With a huge presence in Las Vegas and shows around the world, today’s Cirque du Soleil is worlds away from the small troupe of performers busking in a Quebec town almost 40 years ago.

Pierre-Luc Camirand is the circus’s director of digital customer experience. “I’m in charge of all that relates to digital, so basically I oversee everything in regard to CRM, web development, our martech project management office, as well as everything in regard to customer data.” While there are B2B elements in Le Groupe Cirque du Soleil’s business, Camirand is responsible for the individual user side of the CRM that relates to customer support.

Managing an entertainment portfolio

The need for this technology came out of an onslaught of too much complexity. “In 2017 and 2018,” said Camirand, “we went through an acquisition phase. We bought different entertainment companies like Blue Man Group; so we had to manage all these platforms. Sitecore allows us to manage a dozen platforms with a pretty small team of engineers.”

Unlike the publisher Wolters Kluwer, another Sitecore user, Cirque du Soleil wanted to preserve the individual branding of their new companies, rather than migrate them all to a central, common destination. “Each brand has its own website, but when you look in the back-end behind it, it’s the same for everyone.”

Initially, the plan was for each website to be operated separately. “We quickly realized it was way too much work, so the strategy quickly became to use the same baseline, re-use the same modules from one site to another, but keep a certain flexibility with the front-end and design.”

Cirque du Soleil used Sitecore’s technology to make this happen. Their relationship with the tech company precedes the acquisitions. “I think we started back in 2009 with Version 5,” said Camirand, “so it’s been a while.”

The key Sitecore modules

In keeping with Sitecore’s offering of composability, Cirque is using some Sitecore products and not others. “Definitely the multi-site infrastructure,” said Camirand. “We are now able to do release and deployment for all our websites at the same time. This is a huge advantage for us because it allows our development team to work faster and be more efficient.”

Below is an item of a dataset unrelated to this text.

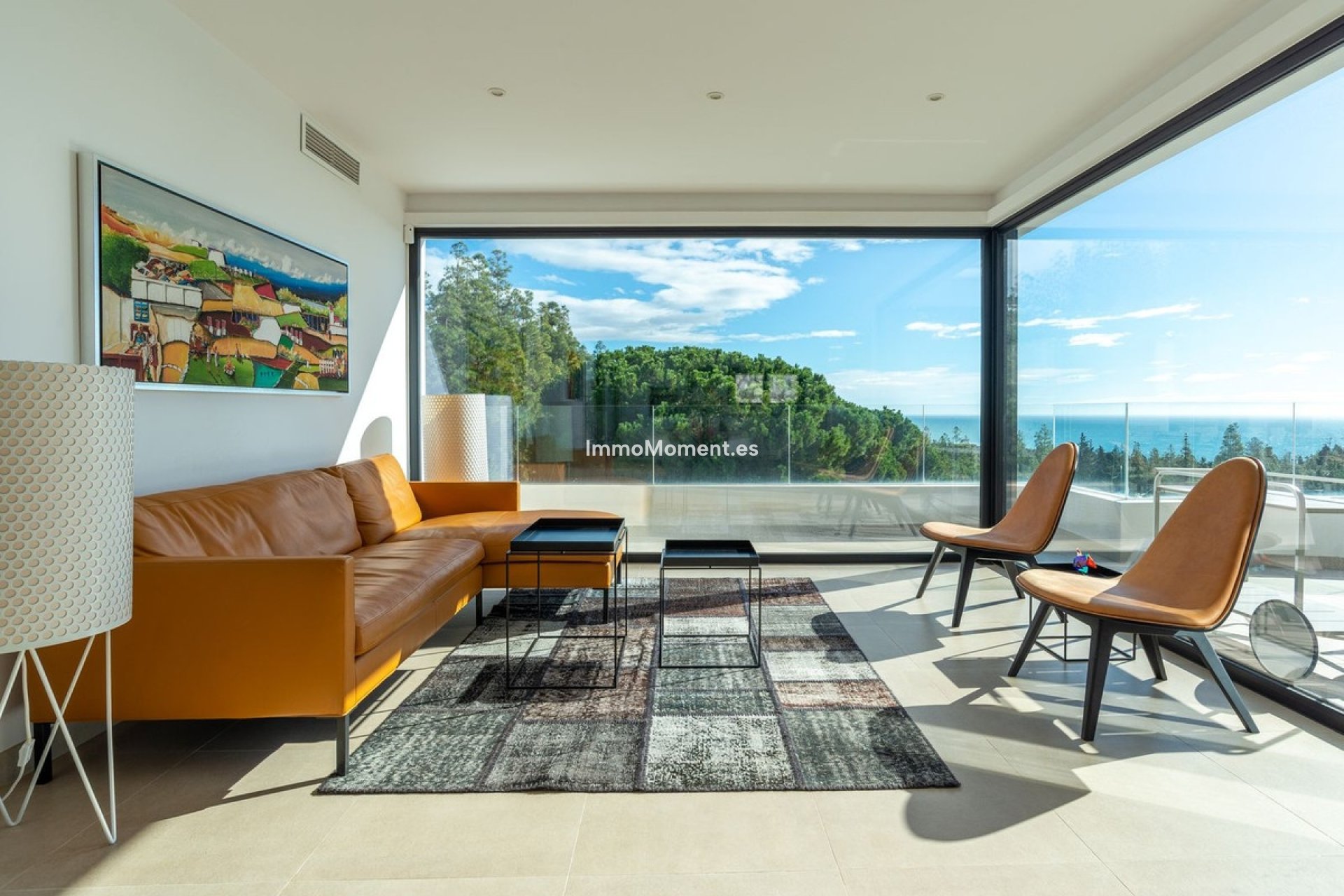 Resale - Villa - Mijas - Mijas Costa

In 2018, building a new website could take six months; a new page or section, two or three months. “Now we talk about weeks,” said Camirand. “Also what’s really important is the multi-language capability of Sitecore, because have shows everywhere on the planet — South Korea, South America, Europe — so we need to be able to manage, I think, ten different languages.”

Marketing teams use drag-and-drop functions within the CMS to create content on their own. More complicated challenges end up with a webmaster expert.

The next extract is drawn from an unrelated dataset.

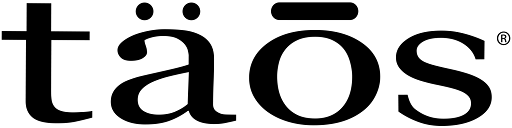 Taos logo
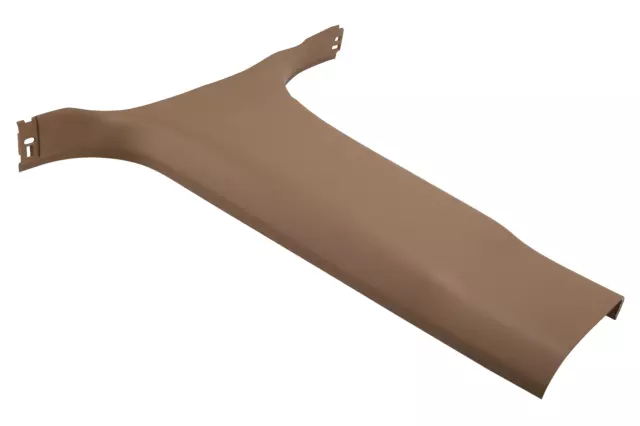 Lower Center Pillar Trim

They are not yet using the Sitecore DAM. Their vast trove of assets reside in Widen which does have the potential to connect with Sitecore (something Camirand hopes to have in place next year).

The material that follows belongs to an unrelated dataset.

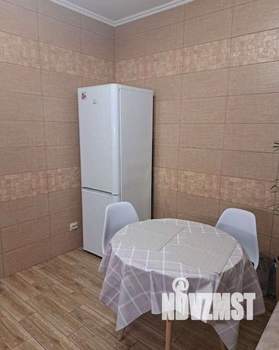 1-к квартира, на длительный срок, 45м2, 6/23 этаж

The system lets Cirque visitors to third-party ticketing platforms like Ticketmaster content from its own sites related to the shows people are looking at.

“We want to go further than that,” Camirand said, “using other sources of data; for example, if you’re looking at family packages, when you come back to cirquedusoleil.com we want to show you family content. Pushing the right content to the right person at the right moment is really key, so personalization is something we need to do.”

The international nature of the business means privacy regulation is a minefield. To tackle this, the company plans to create a CDP, not only to handle customer data from multiple sources, but consent records too. They are currently looking at several possible solutions and do not expect to use Sitecore’s CDP.

The key channels

Perhaps surprisingly, it chooses not to have a mobile app. “It’s not easy to attract people to download your app and re-use it,” Camirand said. “Most apps are not used; people use maybe 10% of the apps on their phone.”

Instead, about a year ago, they launched a platform they call the “interactive program.”

“It’s a mobile platform; a website optimized for mobile. The goal was to improve the pre-show and post-show experience of our guests.”

The program offers “fun facts” about the show, character descriptions and storylines. Unlike an app, the mobile website can’t do push notifications. However, it does allow Cirque to re-target customers elsewhere such as the main website.

That website has a blog to bridge the gap between customers and individual performers. Performers are encouraged to create content for the blog that can then be amplified on their own social media feeds. “They’re quite happy to do it because they want the exposure.”

Down the road?

On Camirand’s informal roadmap, he plans to look at Sitecore connectors going beyond Widen. “I know there’s a connector for Salesforce and Sitecore.” (Cirque is using Salesforce CRM.) “There’s probably a good way to connect both platforms together and better run our campaigns.”


The post Cirque du Soleil spotlights its digital strategy appeared first on MarTech.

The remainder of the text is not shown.